* **TASK TO COMPLETE**:
Return the run of lines below that opens with the line containing "IDX Channel Berikan" and closes with the line containing "MODELLINO BATMOBILE CAMOUFLAGE", keeping each one exact.

Collected data entries
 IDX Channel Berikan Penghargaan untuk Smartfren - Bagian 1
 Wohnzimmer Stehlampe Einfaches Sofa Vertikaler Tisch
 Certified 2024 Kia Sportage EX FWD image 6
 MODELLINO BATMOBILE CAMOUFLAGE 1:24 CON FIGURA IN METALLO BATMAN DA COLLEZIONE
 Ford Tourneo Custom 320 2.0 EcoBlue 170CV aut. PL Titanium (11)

---

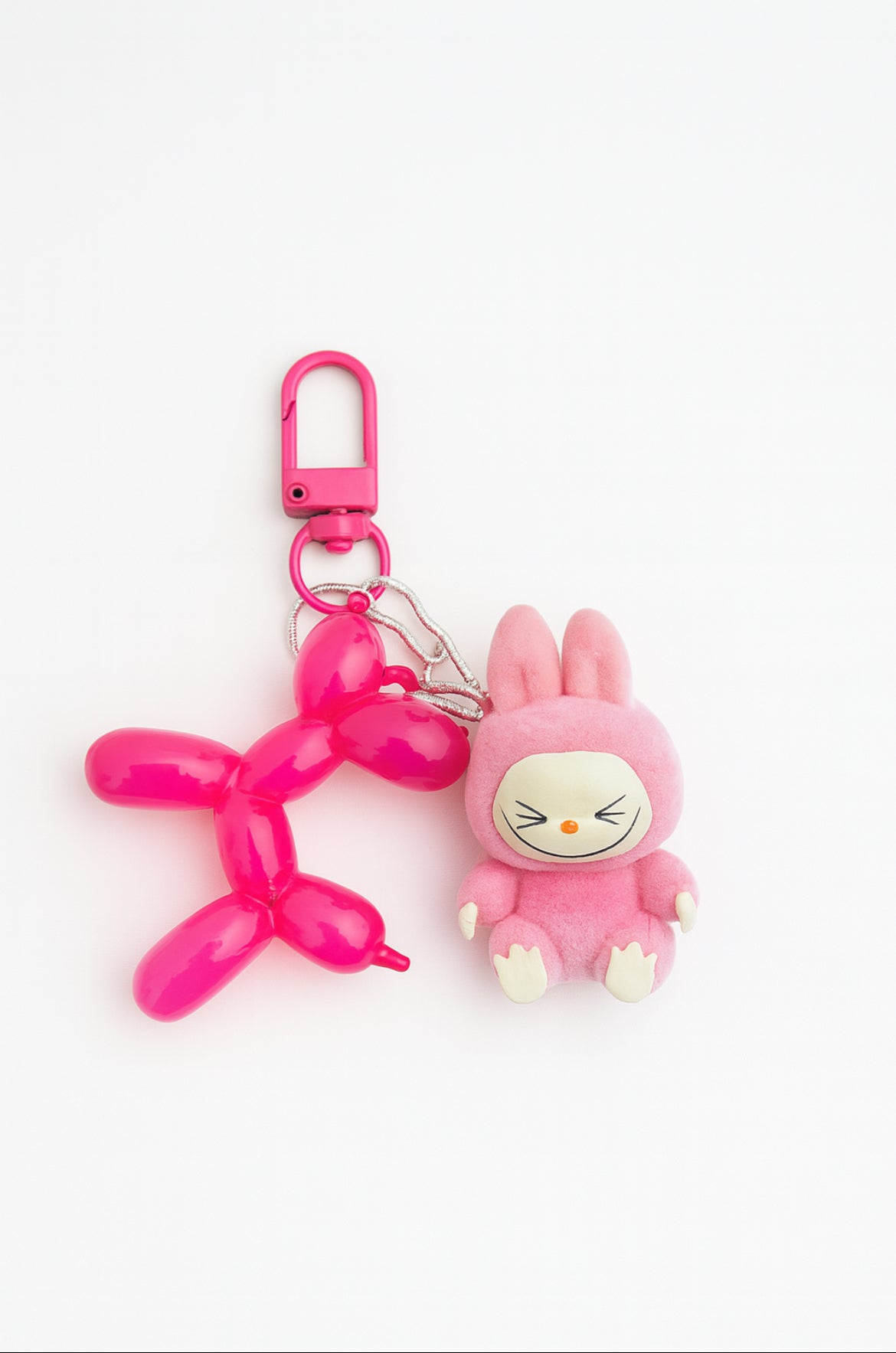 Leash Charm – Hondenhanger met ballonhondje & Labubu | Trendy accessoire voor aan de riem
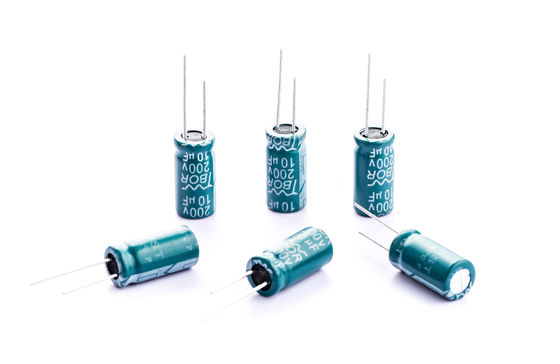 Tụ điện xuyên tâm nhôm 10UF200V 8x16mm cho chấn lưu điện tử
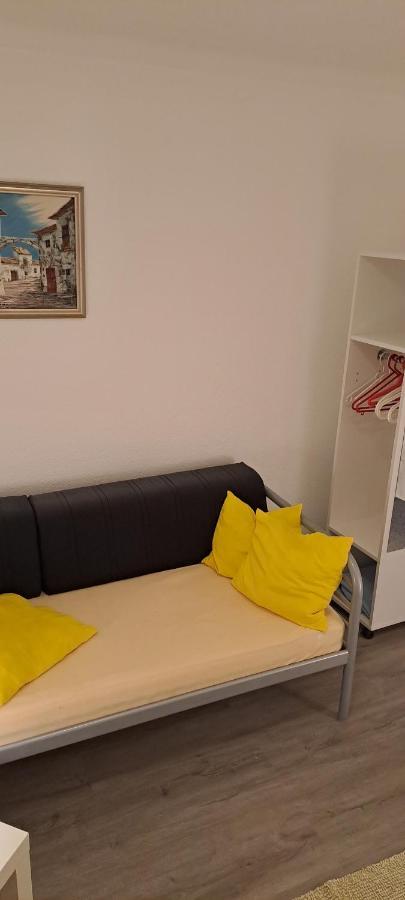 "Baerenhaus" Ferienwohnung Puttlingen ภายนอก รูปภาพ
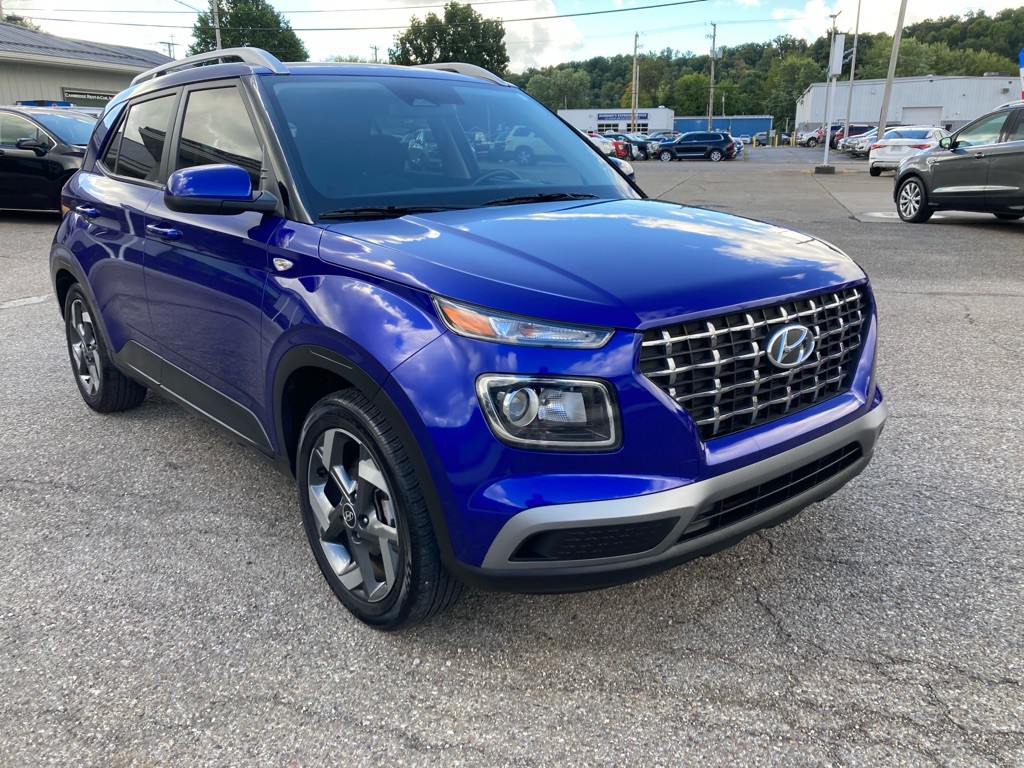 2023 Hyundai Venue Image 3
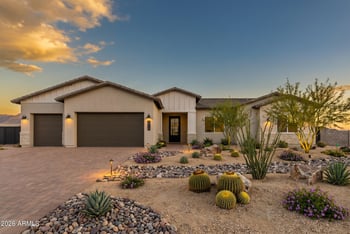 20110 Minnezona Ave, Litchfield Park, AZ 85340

* **EXERCISE RESULT**:
 IDX Channel Berikan Penghargaan untuk Smartfren - Bagian 1
 Wohnzimmer Stehlampe Einfaches Sofa Vertikaler Tisch
 Certified 2024 Kia Sportage EX FWD image 6
 MODELLINO BATMOBILE CAMOUFLAGE 1:24 CON FIGURA IN METALLO BATMAN DA COLLEZIONE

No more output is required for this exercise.